As of October 2020, the ongoing pandemic caused by SARS-CoV-2 has resulted in more than 35 million reported cases and more than 1 million deaths worldwide. One prominent feature that distinguishes COVID-19 from SARS in terms of immune responses is the poor induction of a type I interferon (IFN) response by SARS-CoV-2 compared to SARS-CoV and influenza A virus. Notably, impaired IFN responses are associated with COVID-19 disease. However, the molecular mechanisms underlying the inefficient IFN responses in SARS-CoV-2 infection remain unclear.
A research team at The Institute of Medical Science, The University of Tokyo (IMSUT) aimed to characterize the viral factor(s) determining immune activation upon SARS-CoV-2 infection and found that ORF3b, a gene encoded by SARS-CoV-2, is a potent IFN antagonist.
“The poor IFN responses in COVID-19 patients may be explained by the action of this viral product, ORF3b”, said the lead scientist, Kei Sato, Associate Professor (Principal Investigator) at Division of Systems Virology, Department of Infectious Disease Control, IMSUT.
The results of this research were recently published in the journal Cell Reports.
ORF3b as a viral IFN antagonist
Although SARS-CoV infection causes acute and severe pneumonia, SARS-CoV-2 infection may be asymptomatic or result in flu-like symptoms such as fever, cough and fatigue. Also, compared to SARS-CoV and influenza A virus infections, a hallmark of SARS-CoV-2 infection, COVID-19, is the poor induction of a type I interferon (IFN). Notably, impaired IFN responses are associated with the severity of COVID-19. However, the molecular mechanisms underlying the inefficient IFN responses in SARS-CoV-2 infection remain unclear.
By comparing the sequences of SARS-CoV-2-encoding genes to those of SARS-CoV, the research group found that the gene length of SARS-CoV-2 ORF3b is markedly shorter than that of SARS-CoV ORF3b.
Because ORF3b of SARS-CoV is known as a viral antagonist against IFN production, they hypothesized that the difference on the length of ORF3b gene between SARS-CoV-2 and SARS-CoV may alter their anti-IFN activity and further may explain the difference in the symptoms of these two viral infections.

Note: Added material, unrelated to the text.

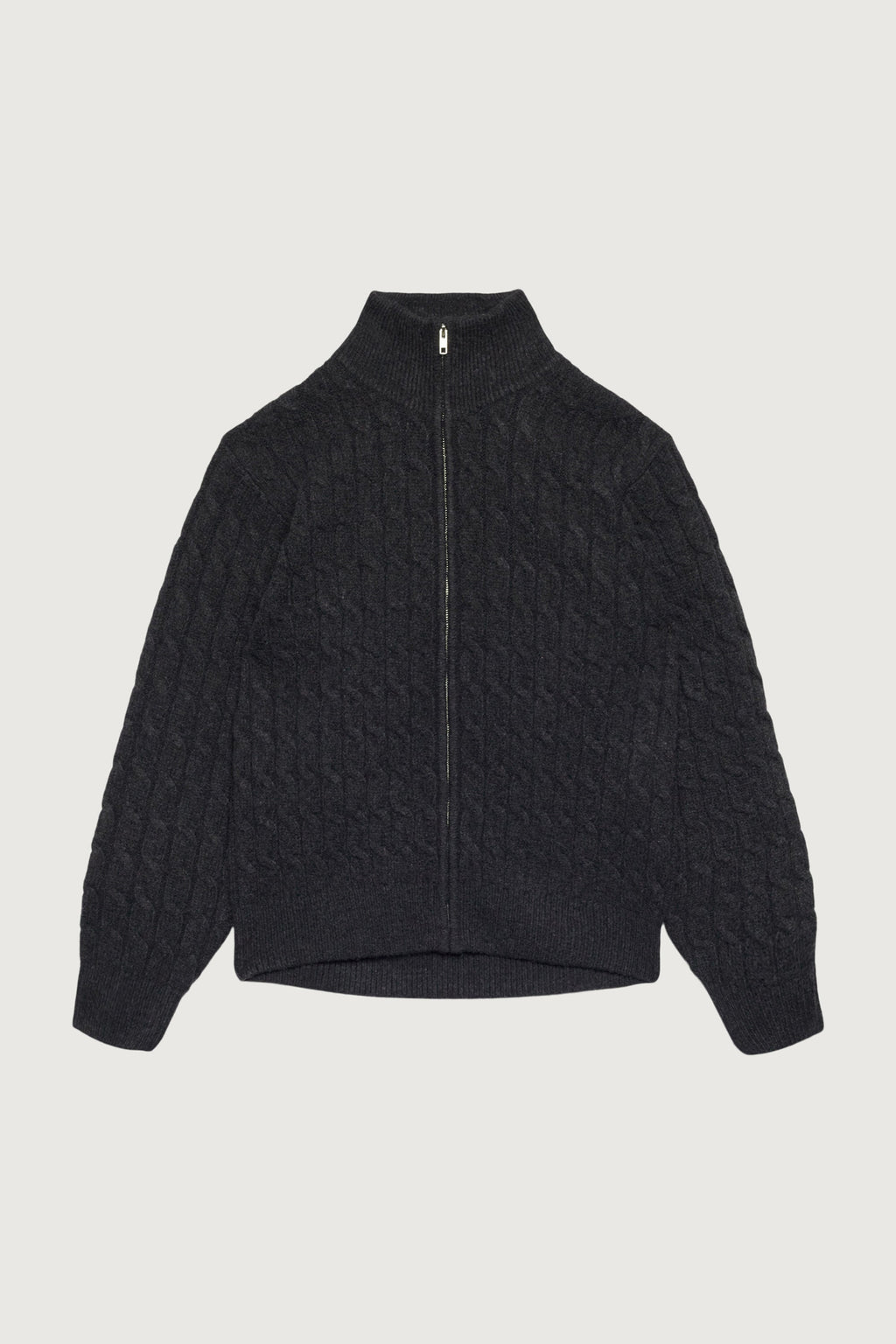 CARDIGAN FERMÉ À GLISSIÈRE EN MAILLE TORSADES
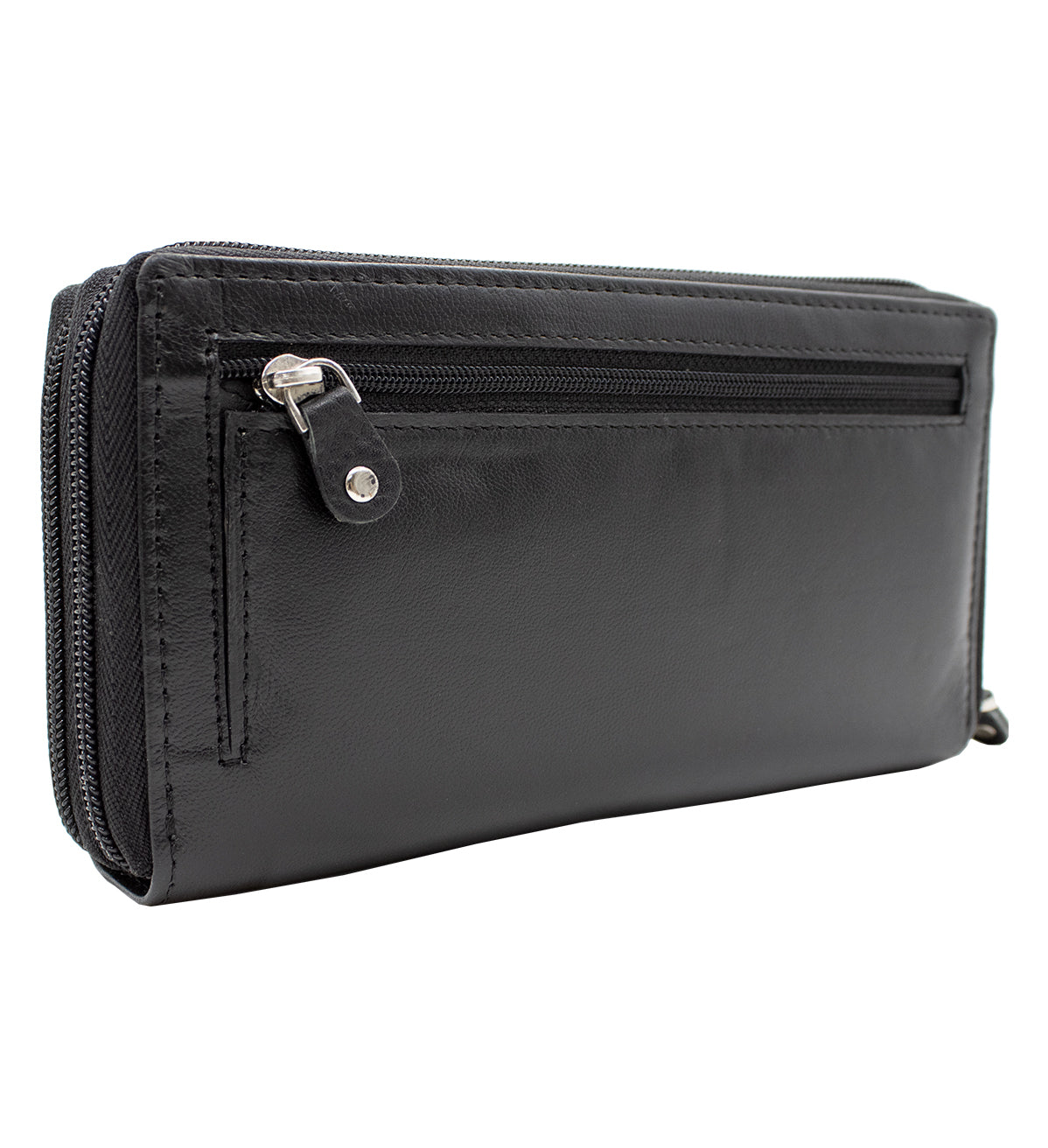 RFID Blocking Leather 2 Zip Wallet for Women Credit Card Holder Accordion Organizer Wallet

Surprisingly, SARS-CoV-2 ORF3b is a more potent IFN antagonist than SARS-CoV ORF3b. Phylogenetic analyses and functional assays revealed that SARS-CoV-2-related viruses from bats and pangolins also encode shorter ORF3b gene products with strong anti-IFN activity.
Characterization of a natural SARS-CoV-2 ORF3b variant with enhanced anti-IFN activity
Furthermore, analyses of approximately 17,000 SARS-CoV-2 sequences identified a natural variant, in which a longer ORF3b reading frame was reconstituted. This variant suppresses IFN even more efficiently than ORF3b of the parental SARS-CoV-2 strain.
In agreement with an association of IFN suppression with disease severity, the two patients in Ecuador harboring SARS-CoV-2 with the extended ORF3b variant were critically ill; one was treated in an intensive care unit and the other one died of COVID-19.
Importantly, however, there is no direct evidence indicating that the viruses detected in these two COVID-19 patients in Ecuador are more pathogenic than the reference strain. Although they cannot tell whether this variant is associated with a different outcome in disease, it is plausible that naturally occurring length variants of ORF3b can potentially contribute to the emergence of more pathogenic SARS-CoV-2 variants.
Thus, it will be important to continue monitoring viral sequences to see whether novel ORF3b variants emerge during the current pandemic.
Associate Professor Kei Sato said that “To our knowledge, this study is the first investigation revealing the role of a SARS-CoV-2-encoded protein that can be associated with the progression of COVID-19.”
Reference: “SARS-CoV-2 ORF3b Is a Potent Interferon Antagonist Whose Activity Is Increased by a Naturally Occurring Elongation Variant” by Yoriyuki Konno, Izumi Kimura, Keiya Uriu, Masaya Fukushi, Takashi Irie, Yoshio Koyanagi, Daniel Sauter, Robert J. Gifford, USFQ-COVID19 Consortium, So Nakagawa and Kei Sato, 4 September 2020, Cell Reports.